In his engaging new bookCuration Nation, Magnify.net CEO Steven Rosenbaum explains why information “curators” are gaining in importance. He makes the controversial argument that machines can’t do the job as well as humans. What exactly is an information curator? Rosenbaum posits that “it is about selection, organization, presentation, and evolution.”
A Human Enterprise
For example, Chris Anderson, the organizer of the popular TED conferences, calls himself the event’s “chief curator.” But one doesn’t need to run a big conference to be an information curator. Someone who makes a list of all the things new parents need for their baby’s first year of life is a curator, as is someone obsessed with Lamborghini cars who makes a hobby of reviewing and cataloging each one that has ever hit the market.
Investor Ester Dyson says she provides a curator-type service by taking photos of swimming pools in hotels all over the world and posting them on Flickr so that fellow-traveling swimmers can find good places to stay and exercise.

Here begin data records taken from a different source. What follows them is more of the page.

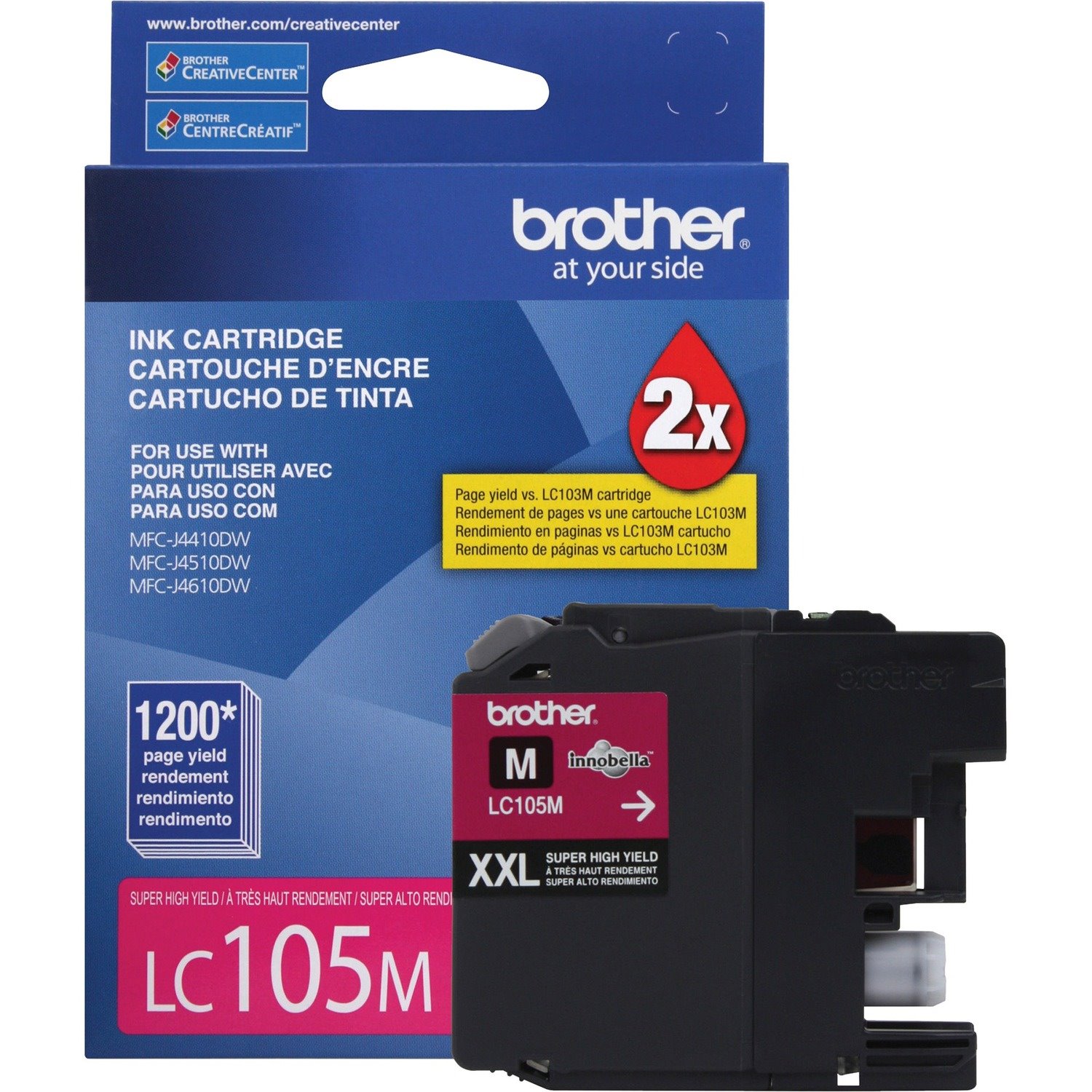 Brother Genuine Innobella LC105M Super High Yield Magenta Ink Cartridge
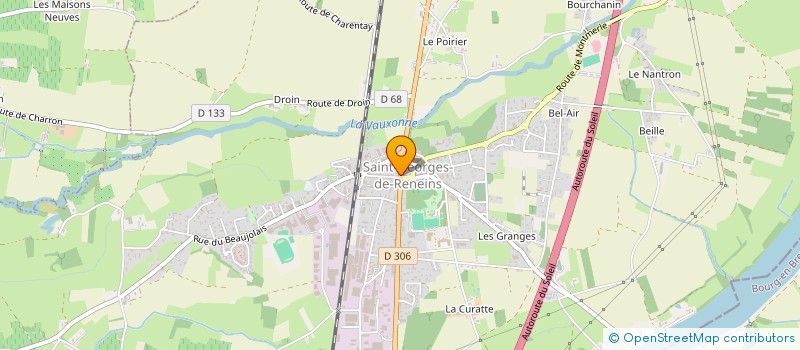 localisation de l'entreprise AU GOURMET RENEIMOIS à SAINT-GEORGES-DE-RENEINS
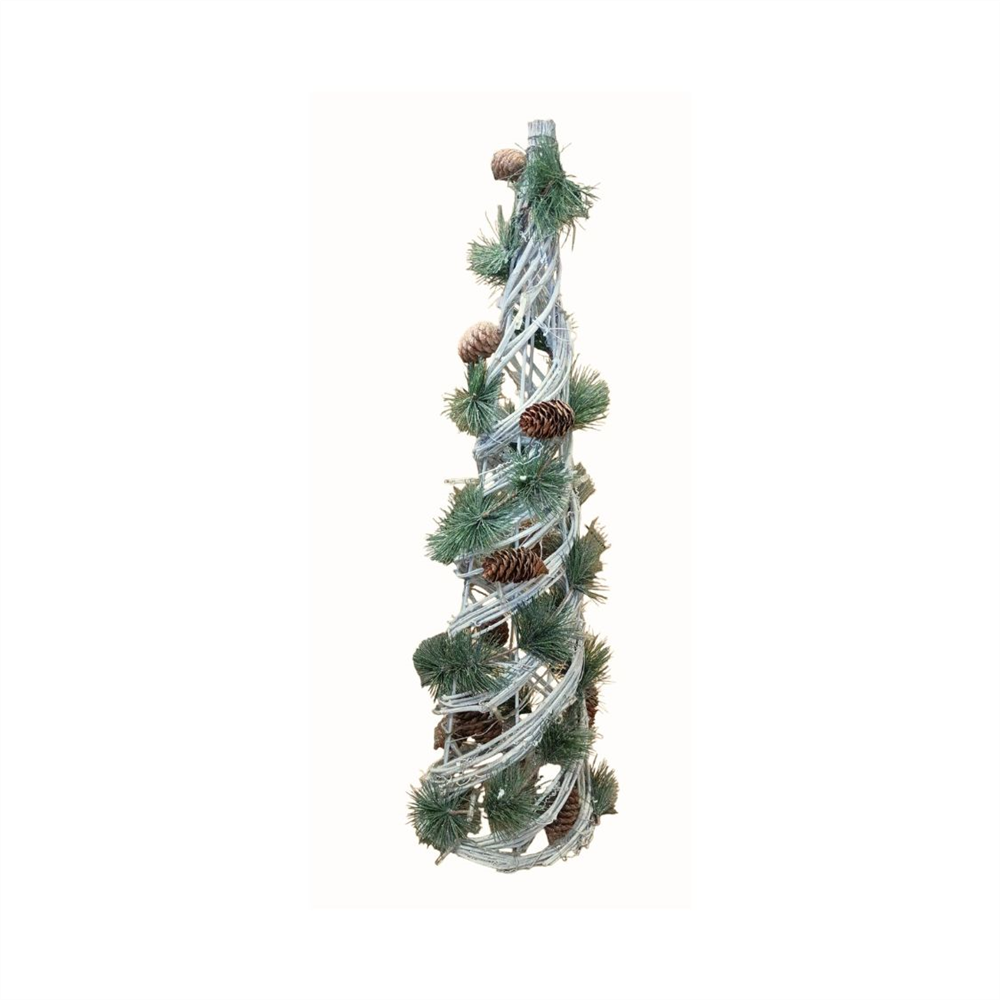 Xmas Tree-Twig Cone with 20 LED Lights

But what’s so special about a human doing these tasks versus a machine?
Rosenbaum argues that one can think of it as “art vs. science.” “Show me a computer that can create music or paint a painting,” he says. “Curation is a human enterprise.”
Techies in Silicon Valley might beg to differ, but Russian investor Yuri Milner of Digital Sky Technologies took a middle ground in recentremarks to an audience in Abu Dhabi: “The question is how do you select what’s relevant for you, and my guess is that it’s probably going to be 50 percent driven by your network and 50 percent driven by algorithms.”
Speed Kills
So readers want personalized content — that’s not surprising. The trick will be in finding the right business model. Zite clearly overstepped its boundaries by repackaging intellectual property to look too much like its own. To its credit, however, it responded by quickly shifting its display to be more true to the source in a “Web view mode.”
This can be contrasted with historical examples found in Rosenbaum’s book. For instance, he reviews the beginnings of Reader’s Digest and Time magazine, both of which were content aggregators rewriting articles from other publications. Back then, he says, “there was not a lot of brooding about other people’s intellectual property rights.”
So, what has changed between then and now? If Reader’s Digest didn’t already exist, could it start in today’s environment?
Rosenbaum explains that one of the biggest differences is the speed in which the articles can be copied. “Reader’s Digest didn’t damage the original publication.”
Figuring out how to manage the huge demand for curation without damaging property rights is an important problem to be solved. When that happens, creative folks like writers for newspapers and magazines might be some of the biggest winners.